I've thought about this recently, as i ve heard this argument v frequently and one i did agree with BUT...

...if you re correct, then why give the less well off/those on benefits, any money at all?

After all, if they would spend the money given for the 3rd child on booze and new phones etc, they are surely wasting the money for the 1st and 2nd children too.

So should we give all families or indeed anyone on out of work benefits, vouchers?

On grad unemployment, its still lower than in 2018/19 (8%) and went from 5.8% in 2023 to 6% in 2025.

There are different figures though but the highest i ve seen is 6.2% with the lowest at 3.8% !

Compare this to non grad unemployment! 2x higher.

Yes we should not simply hand over cash with the increased child benefit; it should either fund improvements to schools and clubs/youth centres or take the form of veg boxes, and good food coupons.

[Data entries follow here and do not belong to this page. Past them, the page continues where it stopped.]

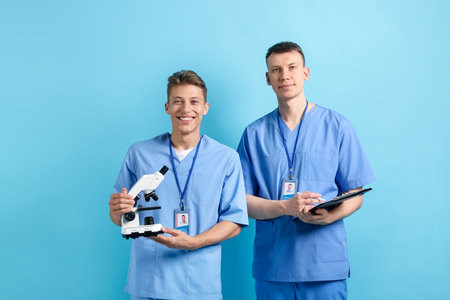 Medical students with microscope and clipboard on light blue backgroundの写真素材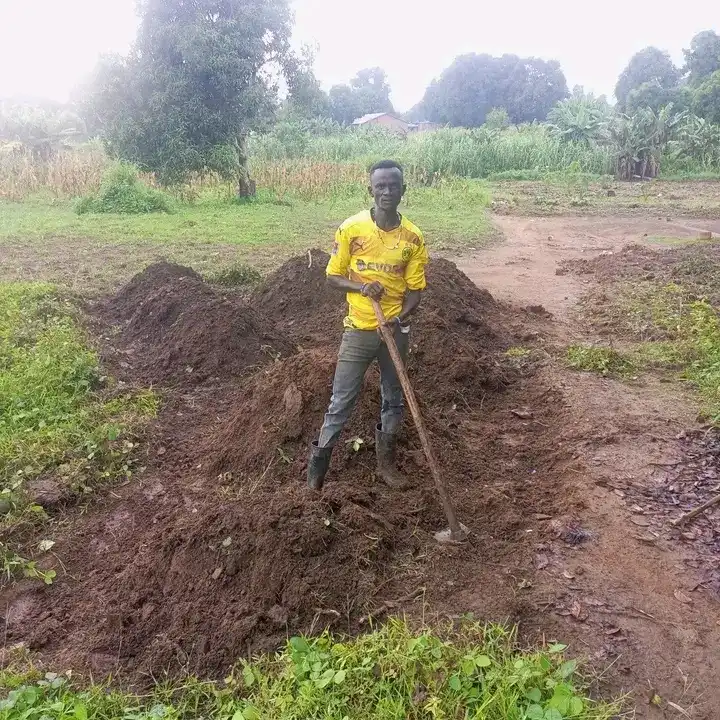 Kissenga Henry in his Farm land
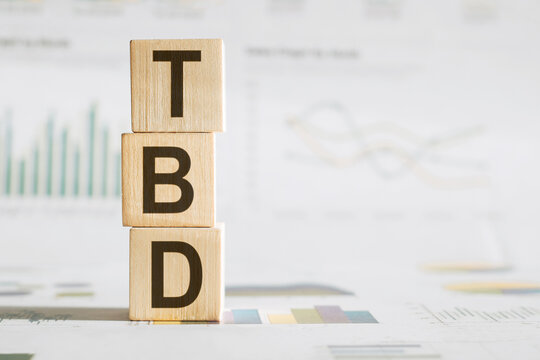 Businesswoman made word tbd with wood building blocks.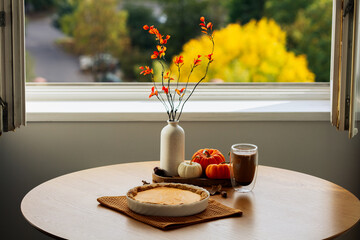 Cozy autumn table setting with pumpkin pie, coffee cup, orange flowers in vase, and a small pumpkins by a window with yellow foliage. Autumn, fall, Thanksgiving concept.
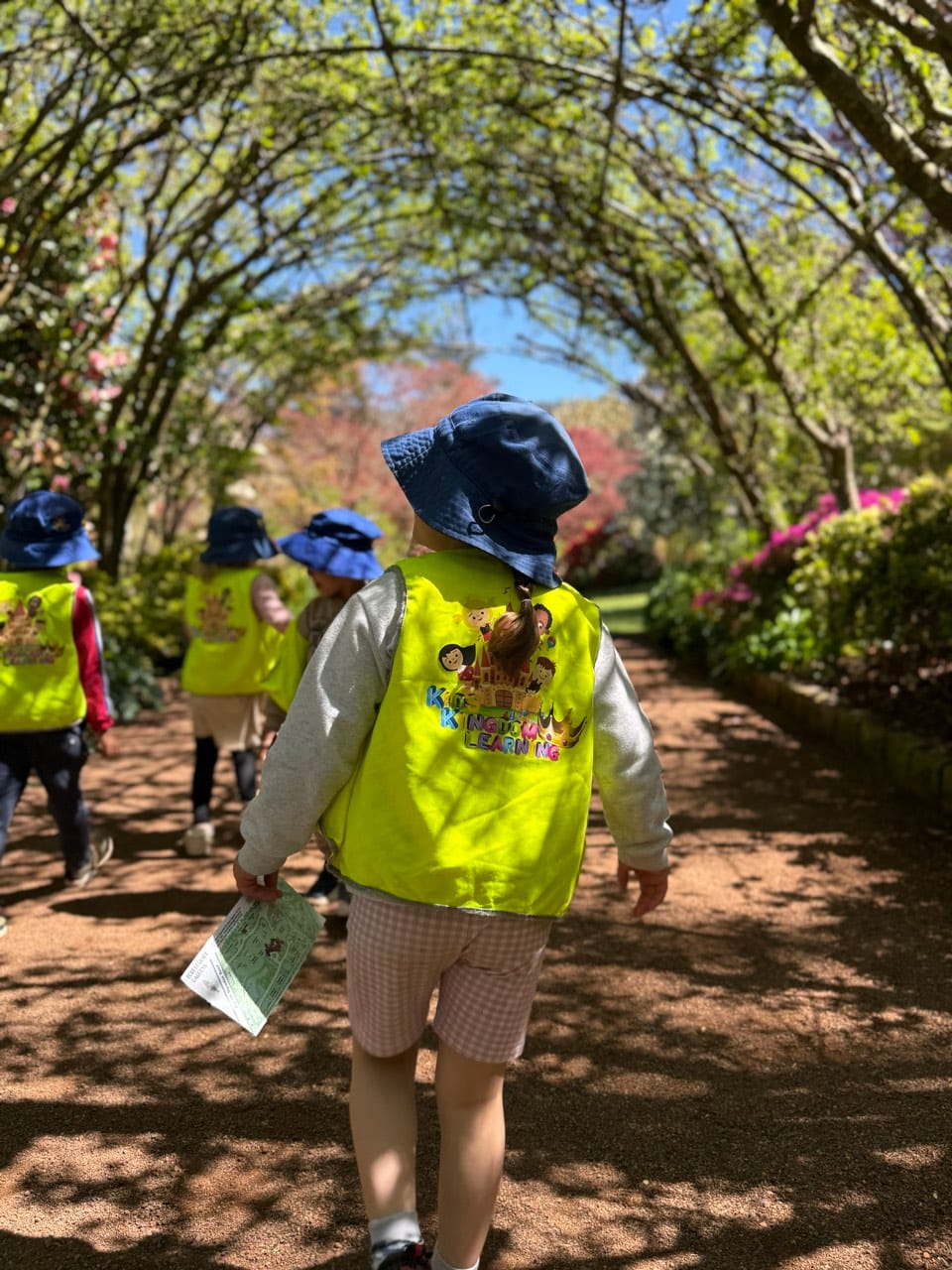 A child in a high-visibility vest walking along a shaded nature path.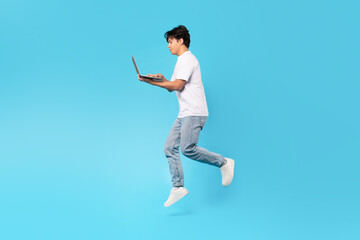Asian Teen Boy Holding Laptop Jumping Browsing Internet, Blue Background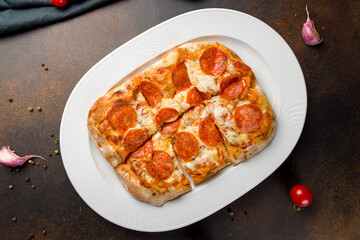 Pepperoni pizza on Roman dough pinsa top view on brown dark table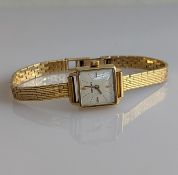 A mid-century ladies Longines dress watch with baton markers, 18ct gold case and fancy-link strap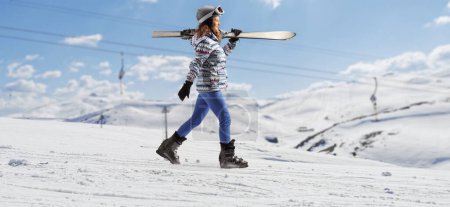 Foto de Full length profile shot of a young female with carrying skis and walking on a snowy hill - Imagen libre de derechos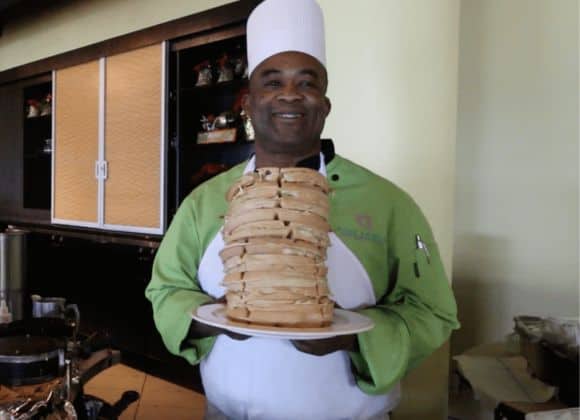 A chef in a green and white uniform holds a large plate stacked high with pancakes, smiling at the camera.
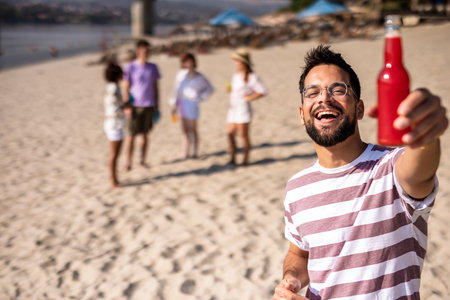 Young handsome man drinking red drink at the beach while his friends are hanging out behind him.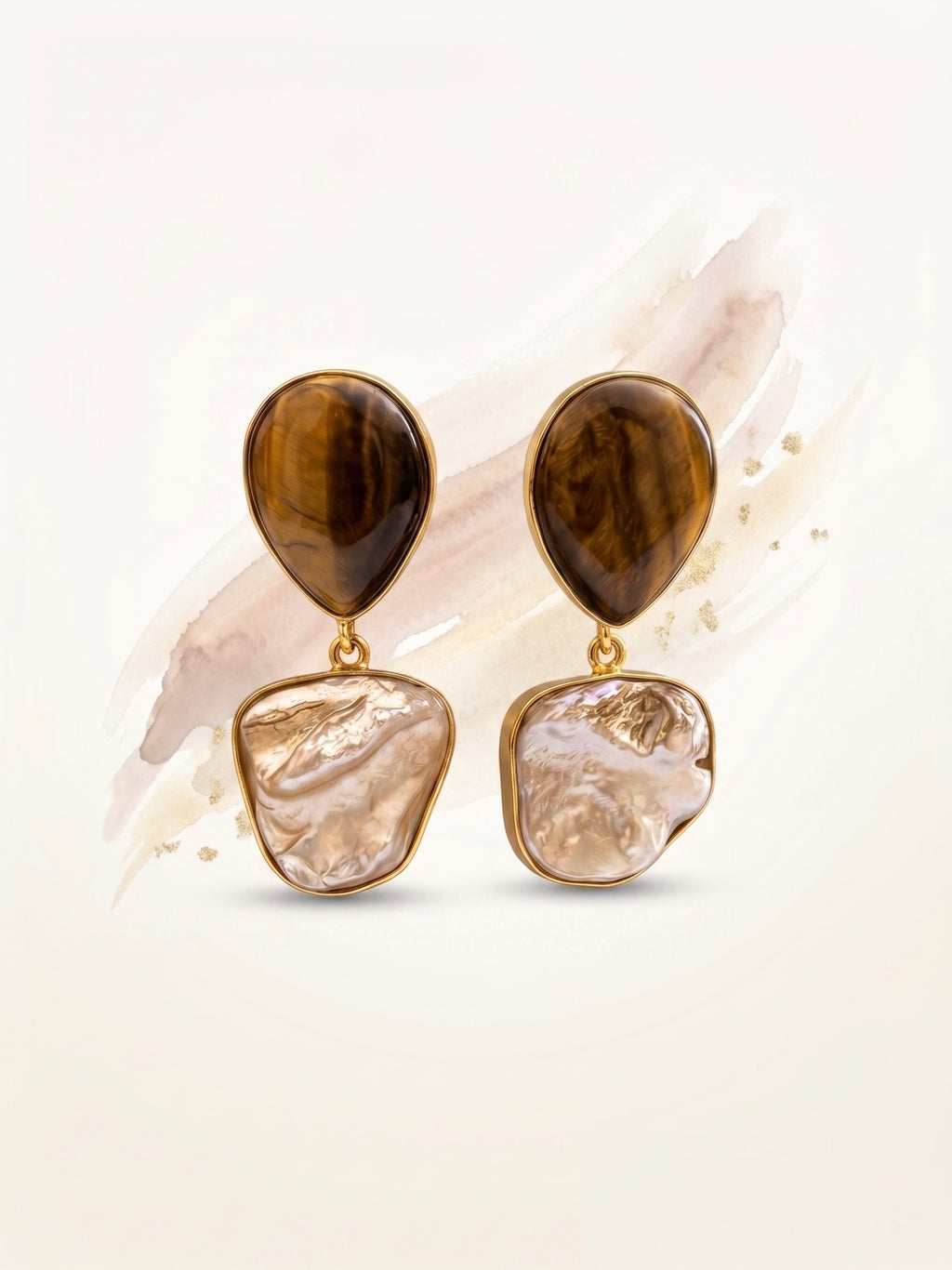 Pair of earrings with brown and beige stones on a light background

this prevents the parents spending it on tatoos and alchohol.

Alexandra2001 · 01/12/2025 15:23

PinkFruitbat · 01/12/2025 15:04

Yes we should not simply hand over cash with the increased child benefit; it should either fund improvements to schools and clubs/youth centres or take the form of veg boxes, and good food coupons.

this prevents the parents spending it on tatoos and alchohol.

What would (some) people with no utensils, no cooking skills, illiterate, maybe not even an oven etc do with a veg box?

I'm fully in support of Surestart style interventions but people also need more cash, as inflation hits, we had food inflation of 30% recently, its still around 6%, the poorest are still going to be worse off and the benefit cap hasn't been raised, regardless of this new policy.

You re stereotyping those on benefits too.

PinkFruitbat · 01/12/2025 15:46

Alexandra2001 · 01/12/2025 15:23

What would (some) people with no utensils, no cooking skills, illiterate, maybe not even an oven etc do with a veg box?

I'm fully in support of Surestart style interventions but people also need more cash, as inflation hits, we had food inflation of 30% recently, its still around 6%, the poorest are still going to be worse off and the benefit cap hasn't been raised, regardless of this new policy.

You re stereotyping those on benefits too.

most people have cooking utensils!

money has poured into welfare, both for those who don’t work, and for those that do. Combined with increased wages at the poor end. At the same time mid-high incomes have experienced wage compression (stagnation while lower incomes rise) combined with more and more tax.